If she is so determined to ram those lambs I would not put the lambs in with her - she may well kill them. Keep persevering with the bottle. If necessary tube feed the weaker one to give it the nutrition it needs. They'll soon learn to drink. If you keep milking out the ewe you will encourage her milk flow which is a LOT more work for you. Let her dry up. Leave her for a day, milk her out, then leave her for  2 days, milk here out, three days, milk her out & then she should be OK. Take her off ALL grain if that is what you feed. Grain encourages milk production which is not what you want now. Put her out on pasture if you can so she is also getting a lot of exercise. 

Liz


----------



## Southdown (Mar 31, 2012)

We have the ewe penned next to the lambs, but with a divider so she can't hurt them.  She absolutely does not like them.  Husband holds her still with a halter and I let the lambs nurse on her for about 20 minutes.  Then they go back to their divided pens.  At least they are getting her milk, in addition to bottle feeding.  She still tried to ram them, even after nursing for a few times now.  This is just so weird to me.  The lambs are absolutely adorable though.


----------



## Southdown (Apr 2, 2012)

Update:
After four days of restraining the mother ewe and allowing the twins to nurse on her, all of a sudden, the ewe has accepted them.  It was so weird!  It was late at night and we were letting the lambs nurse before bed.  The ewe started to coo and gurgle to them (like they normally do right after birthing).  She was "talking" to them all night long and kept sniffing and licking them.  So we stayed up late in the barn and just watched them interact to make sure that momma wasn't going to ram them again.  It was like some one flipped a switch!  She literally went from practically wanting to kill them to completely taking them.  After work tonight, she was even protective of them.  She wants to have her eyes on both of them at all times; if one walks away she has to see where it went.  We are so happy and now they are getting a lot more food compared to us feeding them.  They are also nibbling on the hay after watching momma eat.  They look healthier now and their wrinkles are filling out.  Yay!!


----------



## Remuda1 (Apr 2, 2012)

AWESOME!!!!!


----------



## aggieterpkatie (Apr 3, 2012)

That's great news!


----------



## dwbonfire (Apr 3, 2012)

aww that is great news! good job for staying with it and trying like you did, of course they are better off with mom and they wouldnt be with her had you not kept trying!


----------



## Godsgrl (Apr 3, 2012)

Hello, I'm new here, and don't have any livestock, so I live vicariously through all of you. I love reading about your new births, new additions, and what you have learned as you go about your farming journey.
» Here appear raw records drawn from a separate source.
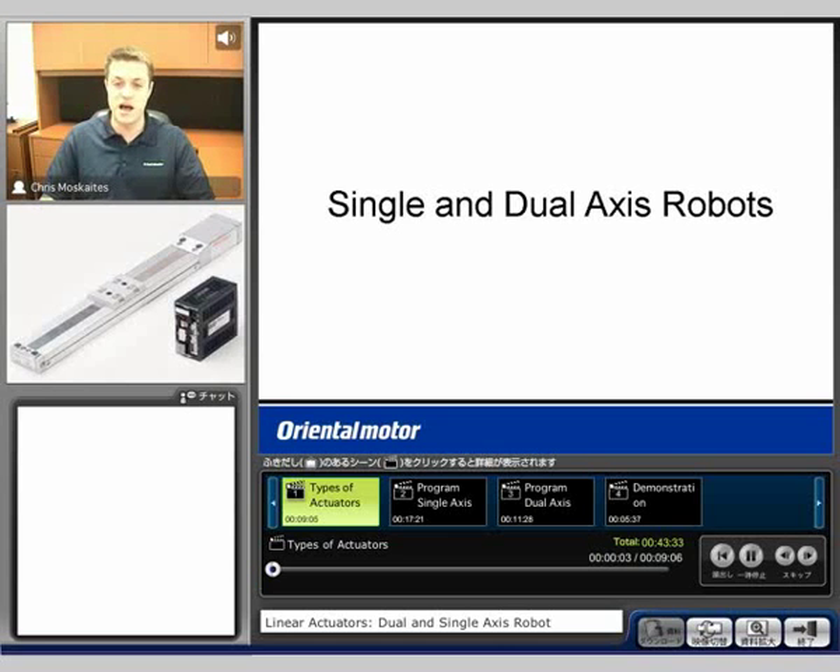Good morning. I'm Chris Muscatus, an application engineer with Oriental Motor. I also have Grant with me. He's going to help with a demo and maybe with some questions if you guys have.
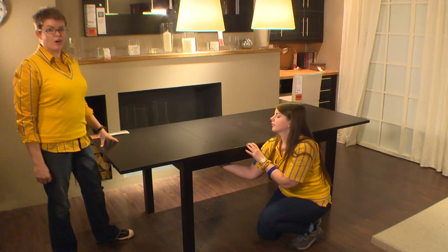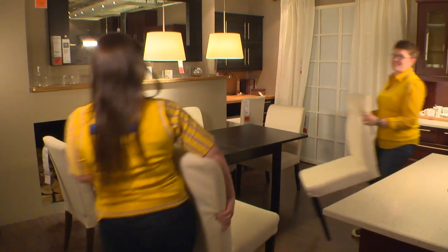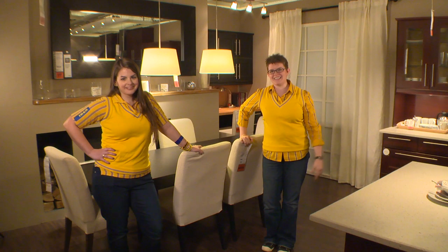Once the leaves are installed, secure the locking mechanism underneath. Quick and easy. Without the leaves installed, this table seats four. But with both leaves in, you can have up to eight of your buddies come over anytime you want.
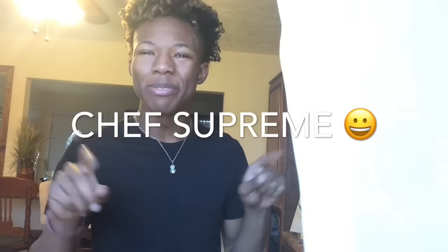Oh, didn't notice you guys were gonna be here so early! Hi, today we're gonna be cooking with Chef Supreme. Today I have one of my most favorite dishes — I like to refer to it as the best noodles on earth.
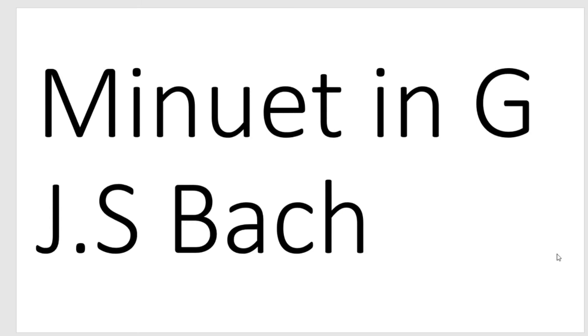Okay, that was Minuet in G by Bach. Now this next one is very famous and it's beautiful so let's listen to it.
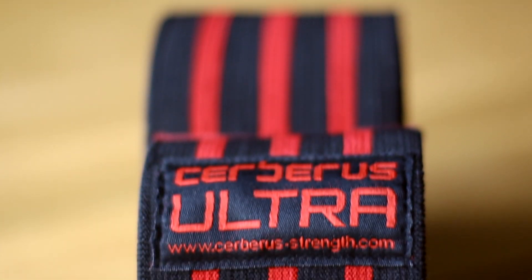Today we're going to be looking at knee wraps. I'm going to talk more about the knee wraps that I use today rather than show you how to use them. I'm going to do a separate video and really go in depth into how to wrap knees, the type of knee wraps for different types of squatters. Today I just wanted to show you what I use.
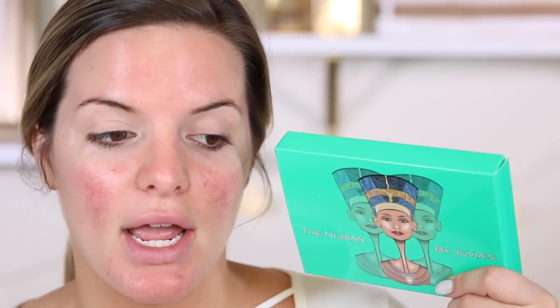The first thing we're going to try is the Nubian by Juvia's palette. I've never tried anything from this brand before, but I have heard a ton of people say it's amazing — they have great quality eyeshadows. So I'm always down to try new eyeshadow palettes. I do want to say when I got this package, it was packaged so nicely — covered in bubble wrap, and you open it up and it still has bubble wrap. So I think that's amazing.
 I  just wanted to add my two cents here about your ewe that abandoned her lambs. When I was in high school, (so many years ago) I took a few agriculture classes. One thing I remember is if a ewe won't let her lambs nurse, you can put her in a very small pen with the lambs, then tie a border collie outside the fence. The border collie will stare at the ewe, and the sheep will focus all her attention on the dog, and the lambs can get in and nurse. Just a thought. My first dog was a border collie/aussie mix, and I know that stare well. For 12 years, she focused it on her tennis balls. Best dog I've ever known.


----------



## Cornish Heritage (Apr 3, 2012)

> She literally went from practically wanting to kill them to completely taking them.


Fantastic news!

Big welcome to Godsgrl too 

Liz


----------



## Hillsvale (Apr 4, 2012)

Southdown said:
			
		

> What is a teat bucket?  I will need to get some kind of bottle feeder to leave for them during the day when we are at work.  What can I get and from what store?  I'd like to put the ewe in a stachion, but I am worried about having her in it all day while we are at work.  Maybe just during feeding time after work.


Sorry for the delay, we have a bucket we purchased at the farm store... has backflow prevention and all that, stocked with 5 teast... Miller likes to try all of them in case one of them has something better.

I can't seem to find one on line... just the feeder protion which sits in the bucket.


----------



## Bridgemoof (Apr 5, 2012)

That is such happy news Southdown! It confirms that tying the mother up works. Next time I get a ewe that rejects her lamb, I'm definitely going to do that! Because I am having a very hard time weaning MYSELF from my bottle baby, who is still in the house at 6 weeks.  She's just not ready to be a "sheep" full-time yet, and I am not pushing her, lol.


----------



## Southdown (Apr 5, 2012)

Yeah, they run up to their sheep mom before coming to me now.    They definitely know where the food source is.


----------



## Godsgrl (Apr 6, 2012)

Cornish Heritage said:
			
		

> > She literally went from practically wanting to kill them to completely taking them.
> 
> 
> Fantastic news!
> ...


Thank you!


----------